Zusätzlich zu den notwendigen, wenn auch möglicherweise nicht lange wirklich aktuell bleibenden, Anpassungen an die Entwicklung im Asylverfahren, gibt es in der neuen Auflage etwas mehr Hintergrundinformationen zu Themen, die bisher gefehlt haben oder sehr knapp gehalten waren.
Dazugekommen sind vor allem auch Informationen zum Thema LSBT*I*-Geflüchtete oder „Queer Refugees“. Diese Begriffe waren noch weitgehend unbekannt, als die erste Auflage von „Nennen wir sie Eugenie“ entstand, obwohl Eugenie selbst ja genau zu dieser Gruppe von Menschen gehört. Doch waren Lesben und Schwule im Asylverfahren damals noch seltener benannte Größen als heute. Auch jetzt noch denken nur wenige Menschen bei den Worten „Flüchtling“ oder „Geflüchtete“ nicht-heterosexuelle Menschen mit, aber es ist in den letzten Jahren sehr vieles in Bewegung gekommen. Es gibt eigene Unterstützungsnetzwerke für Queer Refugees oder LSBT*I*-Geflüchtete, Beratungsangebote, in manchen Städten sogar eigene Unterkünfte. Hier entwickelt sich derzeit sehr vieles, deshalb finden sich in dieser Auflage nun auch grundlegende Informationen zum Thema LSBT*I-Geflüchtete.
All diese Informationen bleiben unvollständig und sind keinesfalls als juristisch verwertbare Handlungsanleitungen zu verstehen. Sie sollen lediglich einen ersten Einblick in die bestehende Realität geben, in der geflüchtete Menschen allgemein und LSBT*I*-Geflüchtete im Besonderen leben müssen. Sie sollen grundlegende Erklärungen bieten, um ein wenig besser verstehen zu können, was Eugenies Leben, soweit wir hier Einblick bekommen, bestimmt.
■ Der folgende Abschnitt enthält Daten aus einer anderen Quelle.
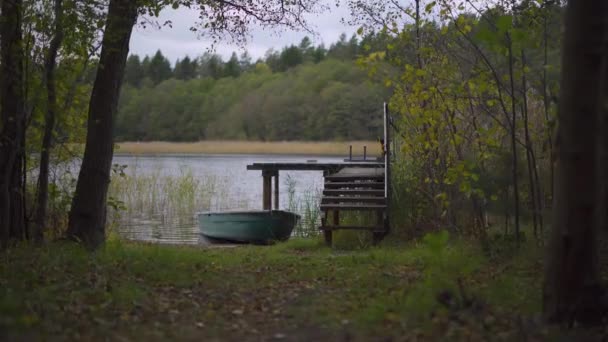 Detail Shot Paddle Boat Canoe Water Towed Peer Next Lake — Stock Video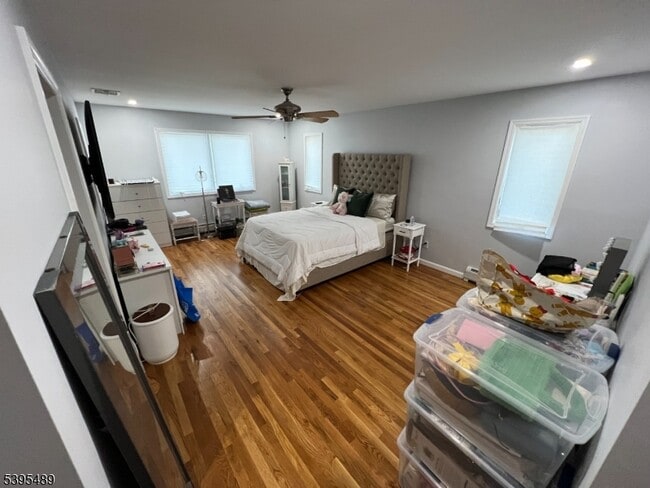 Building Photo - 497 Division Ave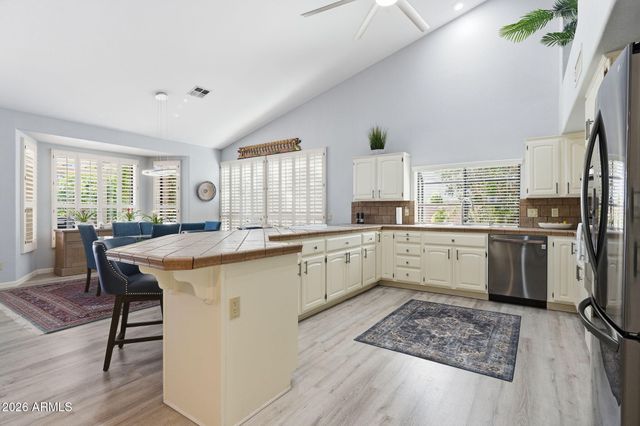 24619 S Ribbonwood Drive, Sun Lakes, AZ 85248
Wer durch die Lektüre von Eugenies Geschichte veranlasst wird, sich etwas mehr mit der Thematik zu befassen, findet im Info-Anhang auch erste Tipps und Adressen, um sich weitere Informationen, Anregungen zur Handlungsmöglichkeiten und Kontakte zu bestehenden Netzwerken und örtlichen Unterstützungsgruppen zu holen.
Eugenie steht beispielhaft für alle Geflüchteten, insbesondere aber für alleinreisende Frauen, LSBT*I*-Geflüchtete und lesbische Frauen auf der Flucht und im Asylverfahren.
Ich möchte mit diesem Buch ein wenig mehr Licht in das Thema Flucht und Asyl bringen, nicht in erster Linie auf der theoretischen und juristischen, sondern vor allem auf der menschlichen Ebene. Hierfür ist ein Grundwissen über eben diese Hintergründe wichtig und hilfreich.
Ich hoffe, es gelingt mir, mit Eugenies Geschichte den Begriff „Flüchtling“ aufzubrechen und aus einem theoretischen, allzu oft negativ belegten und häufig für politische Ziele missbrauchten Begriff einen Menschen zu machen, eine Frau zu machen, eine Lesbe zu machen, die gar nicht so weit von uns entfernt ist.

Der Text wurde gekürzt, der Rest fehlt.